> _Exercise directions_: Give back an exact copy of the lines in the records below, from the line that has "2905 Siena Cir, Wellington, FL 33414" through the line that has "JOIVY Apt For", and nothing besides.

> _The data_:
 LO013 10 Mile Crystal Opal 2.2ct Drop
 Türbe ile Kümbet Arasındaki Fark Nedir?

---

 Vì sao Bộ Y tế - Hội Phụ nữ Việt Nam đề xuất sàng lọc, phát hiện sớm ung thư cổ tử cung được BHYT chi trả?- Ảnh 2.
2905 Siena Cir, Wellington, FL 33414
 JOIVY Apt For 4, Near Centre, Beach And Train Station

> _Task output_:
2905 Siena Cir, Wellington, FL 33414
 JOIVY Apt For 4, Near Centre, Beach And Train Station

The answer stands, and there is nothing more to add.